_WHAT TO PRODUCE_. Take the line containing "Обзор коворкингов в г. Львов" through the last line of the data and retype those lines exactly. Pictures do not belong in the copy.

Crawled caption data:
□ □ □

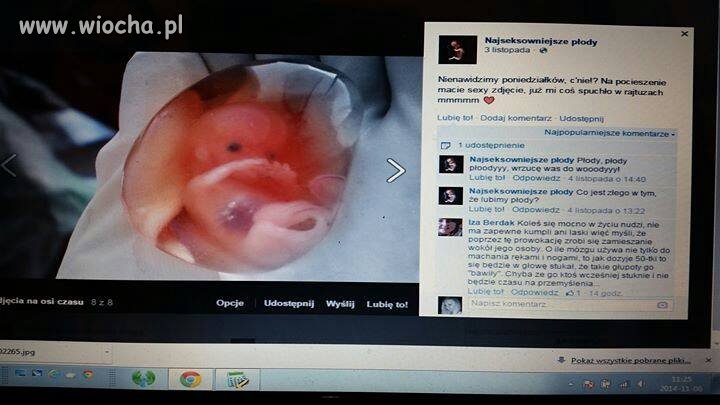 Stronka na Facebooku 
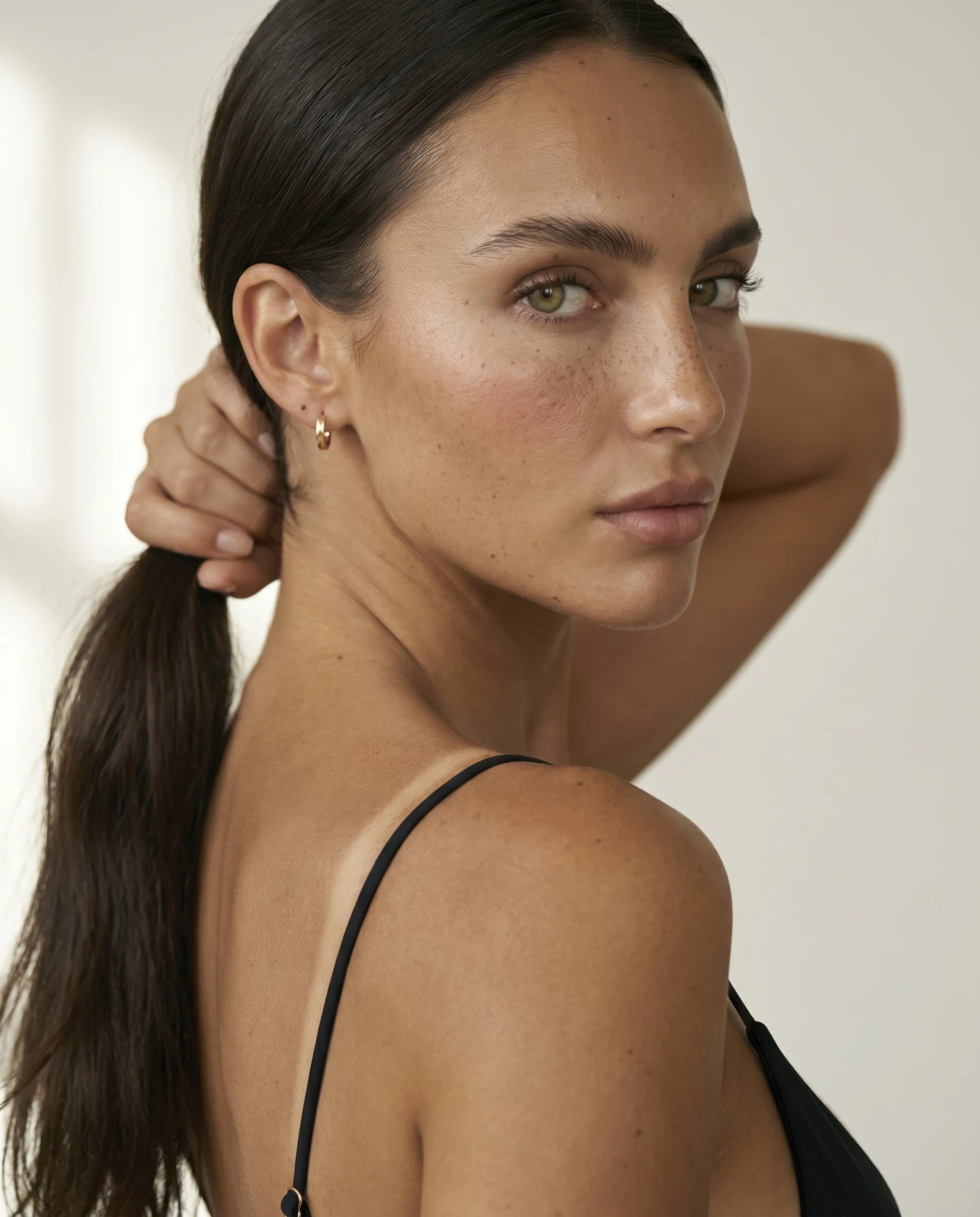 Bridal spray tan in Richmond VA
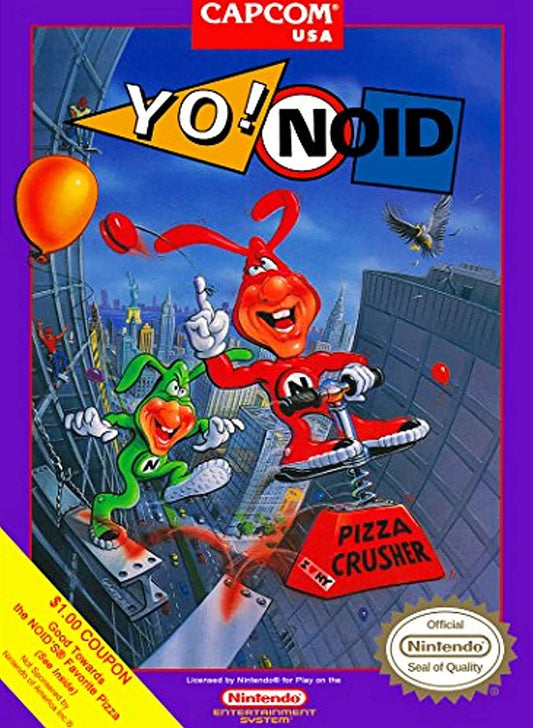 YO NOID NES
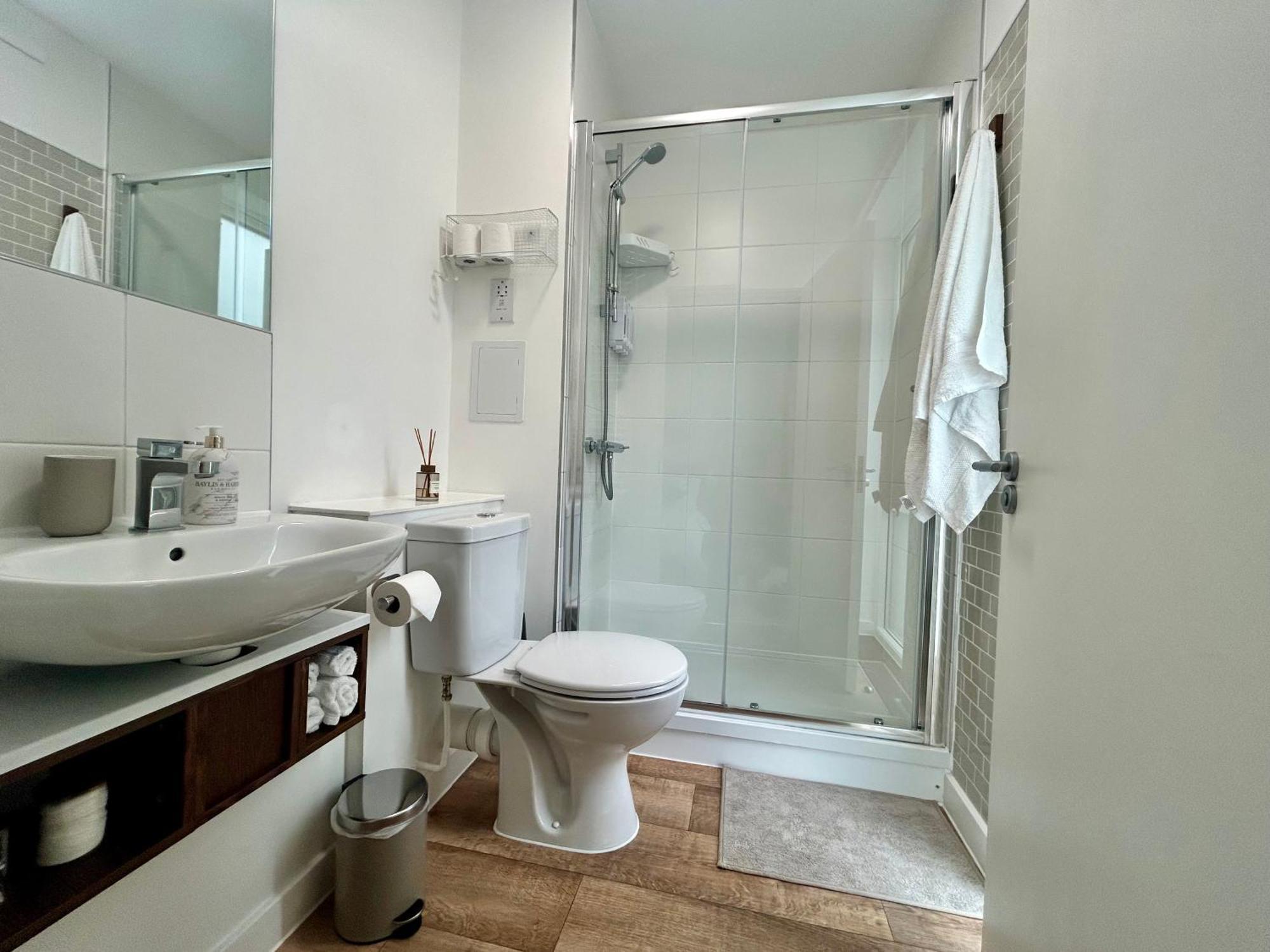 My Apartment Brixton - Modern Double Room With En-Suite 伦敦 外观 照片
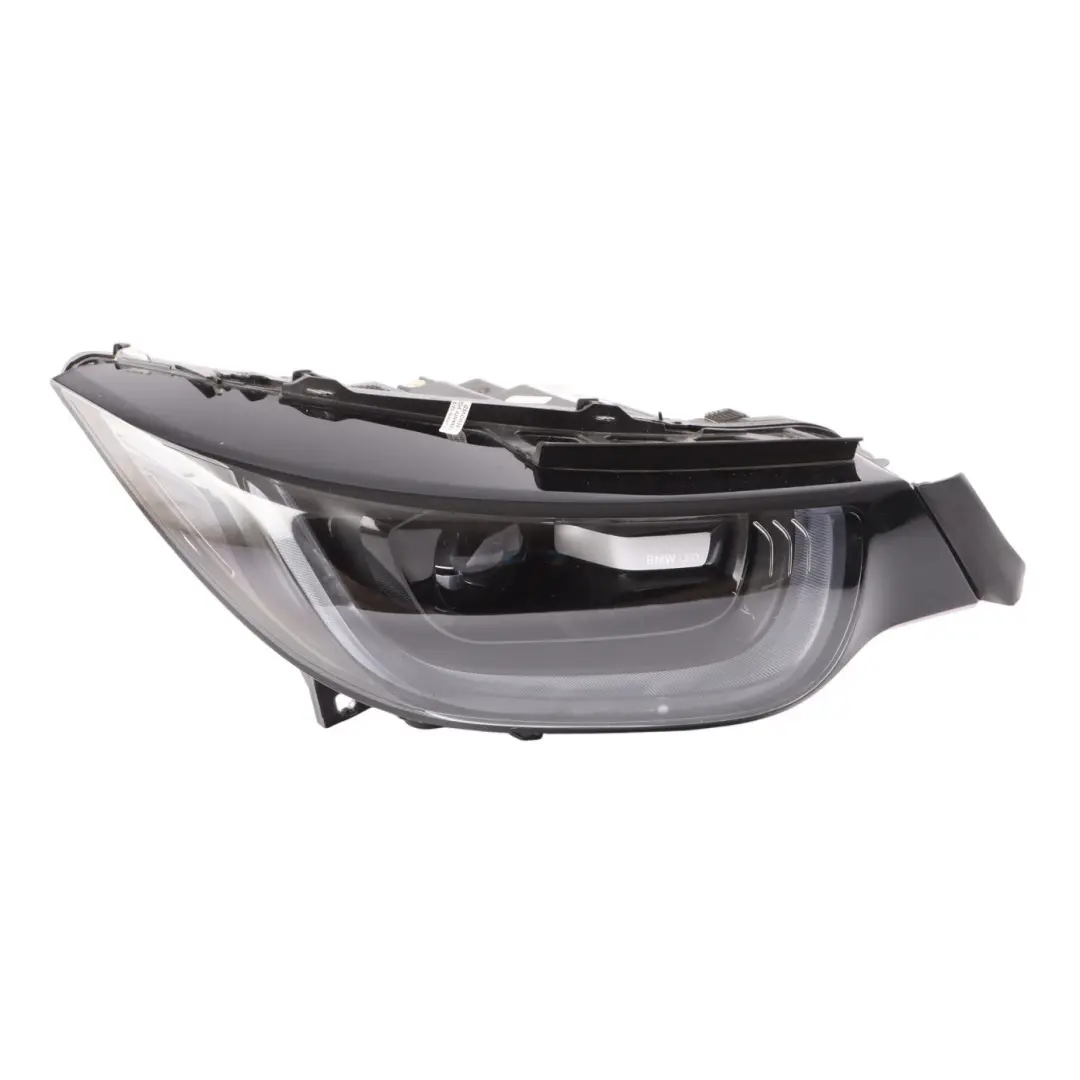 Front Lamp Headlight Headlamp Light LED Right O/S 7467752 to BMW i3 I01 LCI with Part number 8494340 BMW i3 I01 LCI Front Lamp Headlight Headlamp Light LED Right O/S 7467752 - SKU RHD-8494340-1 - Part number 8494340
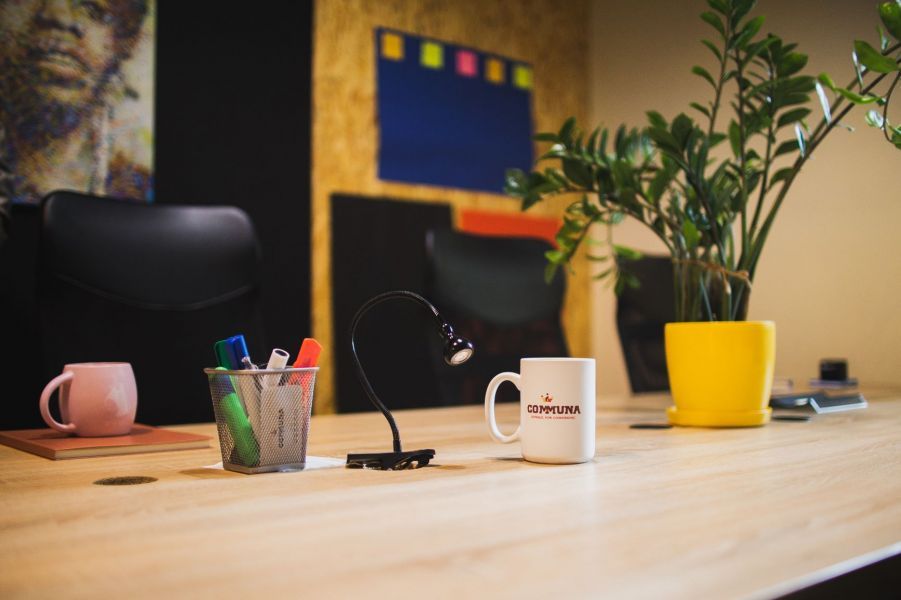 Обзор коворкингов в г. Львов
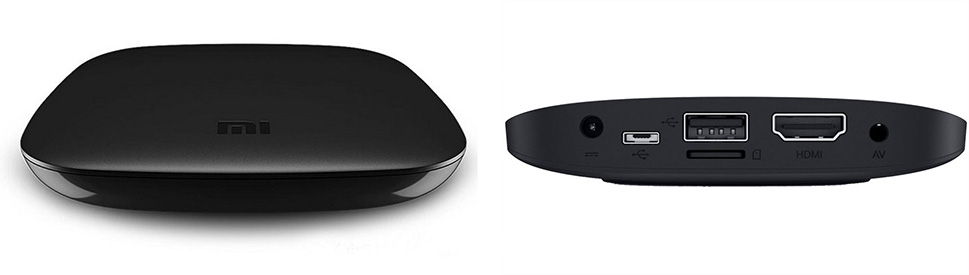 прочный корпус, изготовленный из матового и тактильно приятного пластика, имеет стильный дизайн, отлично сочетающийся с любым телевизором и интерьером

□ □ □

_ANSWER TO THIS PROBLEM_.
 Обзор коворкингов в г. Львов
 прочный корпус, изготовленный из матового и тактильно приятного пластика, имеет стильный дизайн, отлично сочетающийся с любым телевизором и интерьером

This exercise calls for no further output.